:: Task instructions ::
Please return all records verbatim, no pictures.

:: Entries shown ::
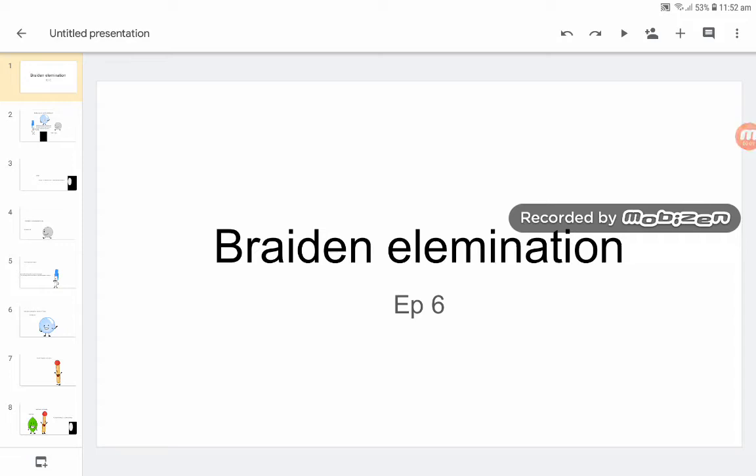If you haven't watched the five episodes of Braiding Illumination before this one, you should do so. And sorry if I took so long from Braiding Illumination 6.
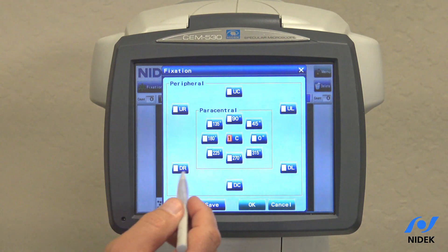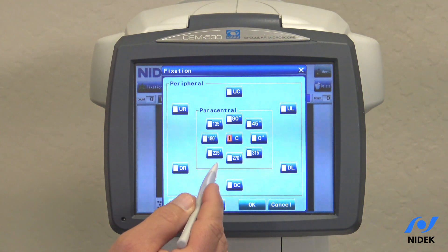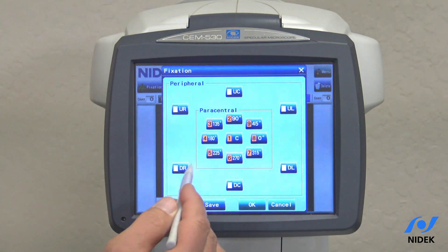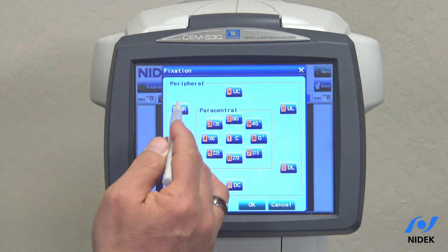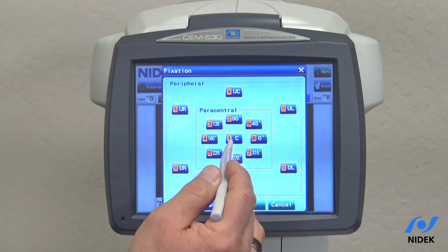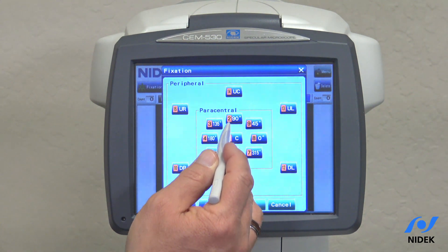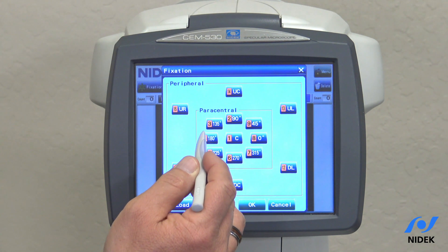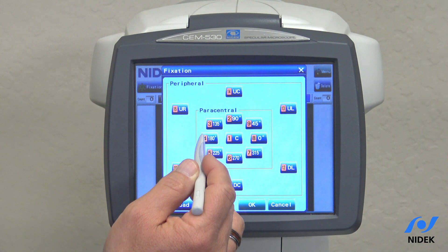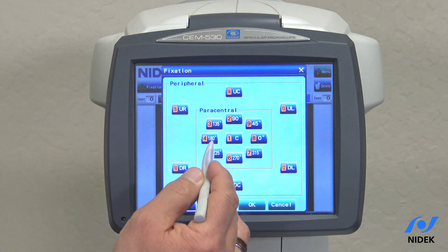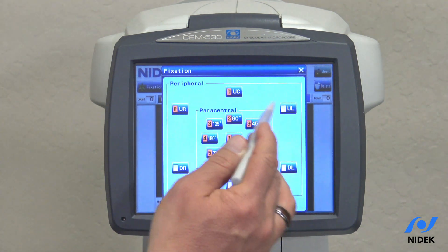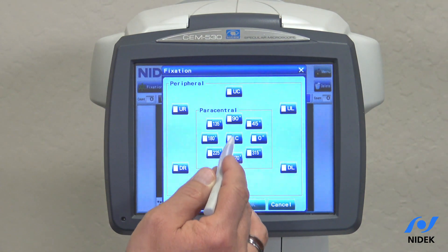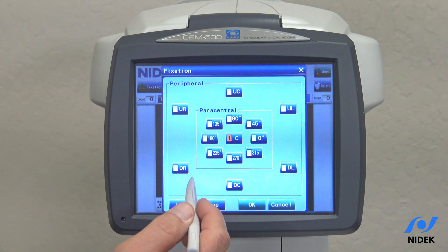With the CEM530, we're able to acquire endothelial cell images from central, paracentral, and periphery. The device itself will automatically move from number one to number two, number two to number three, and so forth, depending on the patient's fixation and movement of the internal fixation dot. Not all of these need to be selected.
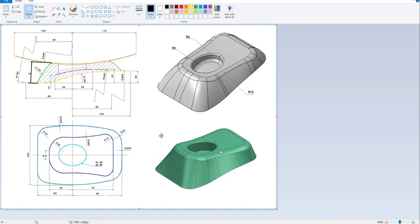Hi folks, in today's tutorial I'm going to show you how to create a model based on surface modeling. I will reuse a source picture. I will not focus on the dimensions — I'd like to approximate the shape, and you will see that it is possible to create like this.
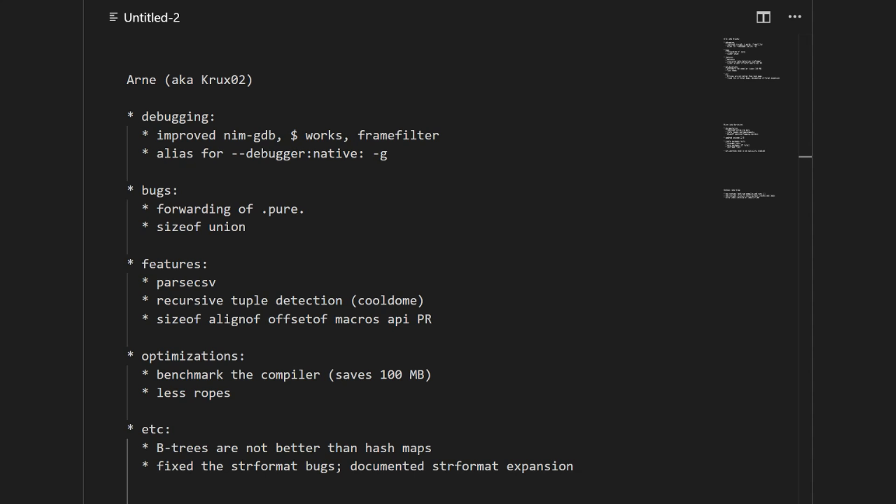The first thing I want to talk about is improvements for debugging NIMS. I was working on the GDB integration for NIMS with a Python script. I did some improvements there including a frame filter that works at least on the command line and a dollar command. The dollar command was there before but I wasn't able to use it without getting errors. I made sure that it now works for many different types.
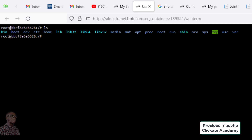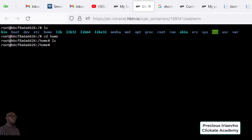We can 'cd' into the home directory. I'm going to go into my home directory — I'm inside home now and I can list all I have inside. I have nothing here, so I can go back. Let me create a folder: 'mkdir' — I'll call this 'precious'.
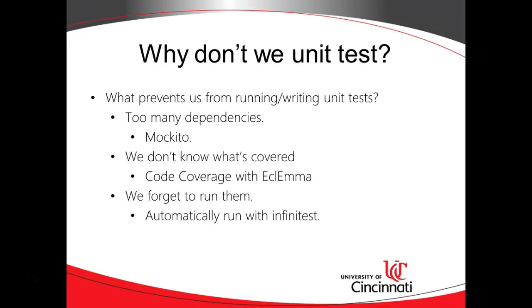Let's apply that same concept to unit testing. If we can run the unit tests without even thinking about it, we see the errors, then we remember to keep our unit tests up to date.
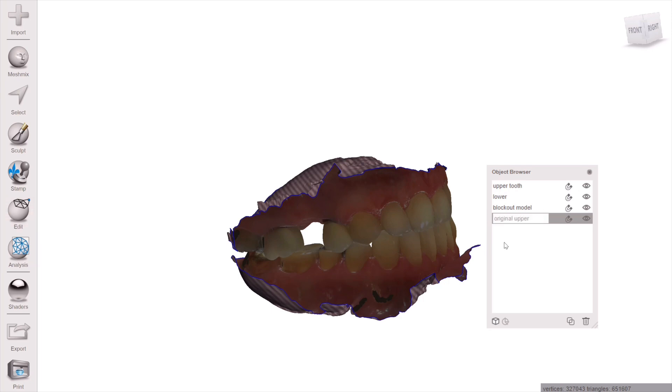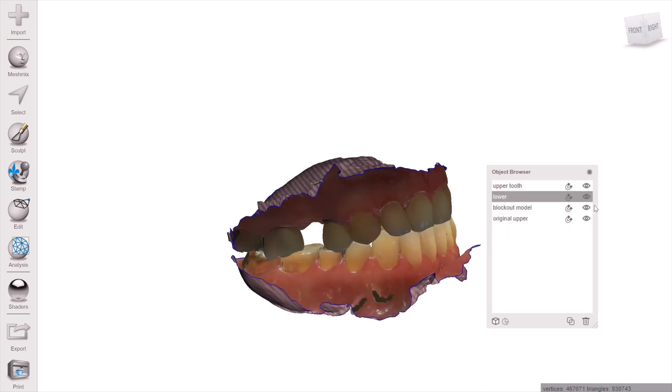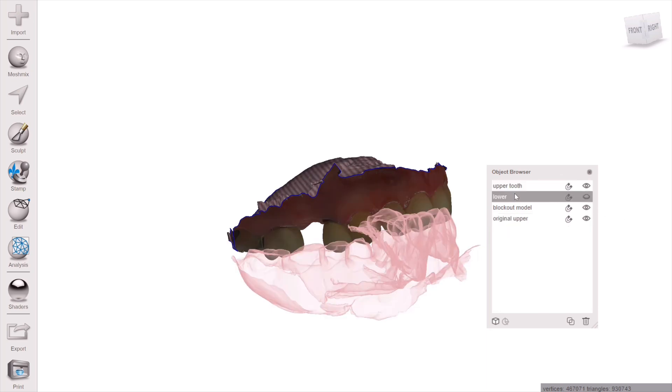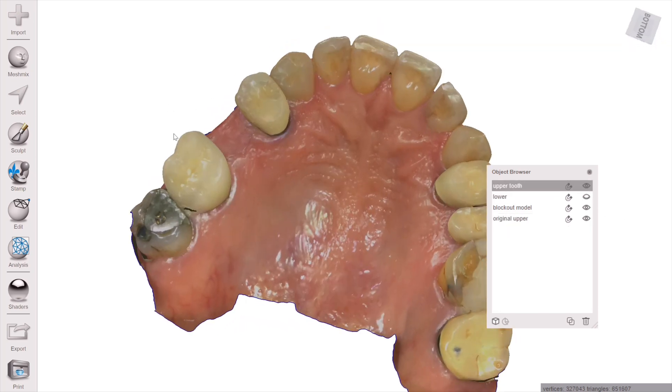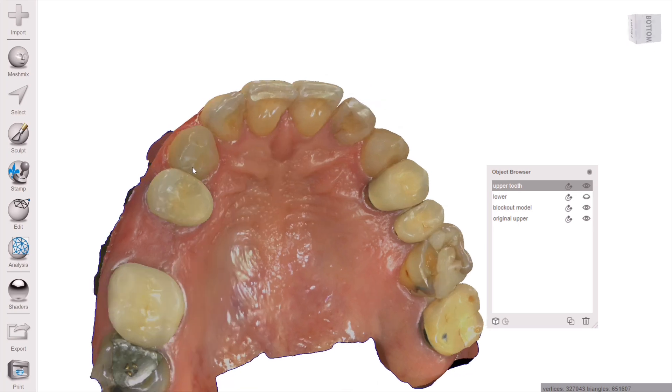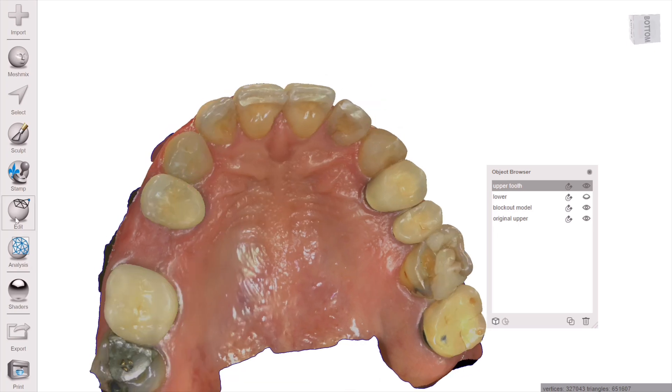If you don't see your Objects Browser, just go up to Visualization and turn it on.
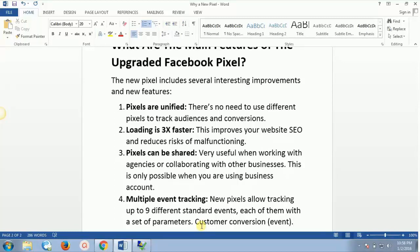So those were the four major features of the upgraded Facebook pixel. Hope you enjoyed this video, and see you in the next one for the Facebook pixel advanced stuff. Take care, stay awesome, cheers!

:: Solution to this exercise ::
If you haven't watched the five episodes of Braiding Illumination before this one, you should do so. And sorry if I took so long from Braiding Illumination 6.
With the CEM530, we're able to acquire endothelial cell images from central, paracentral, and periphery. The device itself will automatically move from number one to number two, number two to number three, and so forth, depending on the patient's fixation and movement of the internal fixation dot. Not all of these need to be selected.
Hi folks, in today's tutorial I'm going to show you how to create a model based on surface modeling. I will reuse a source picture. I will not focus on the dimensions — I'd like to approximate the shape, and you will see that it is possible to create like this.
The first thing I want to talk about is improvements for debugging NIMS. I was working on the GDB integration for NIMS with a Python script. I did some improvements there including a frame filter that works at least on the command line and a dollar command. The dollar command was there before but I wasn't able to use it without getting errors. I made sure that it now works for many different types.
We can 'cd' into the home directory. I'm going to go into my home directory — I'm inside home now and I can list all I have inside. I have nothing here, so I can go back. Let me create a folder: 'mkdir' — I'll call this 'precious'.
Let's apply that same concept to unit testing. If we can run the unit tests without even thinking about it, we see the errors, then we remember to keep our unit tests up to date.
If you don't see your Objects Browser, just go up to Visualization and turn it on.
So those were the four major features of the upgraded Facebook pixel. Hope you enjoyed this video, and see you in the next one for the Facebook pixel advanced stuff. Take care, stay awesome, cheers!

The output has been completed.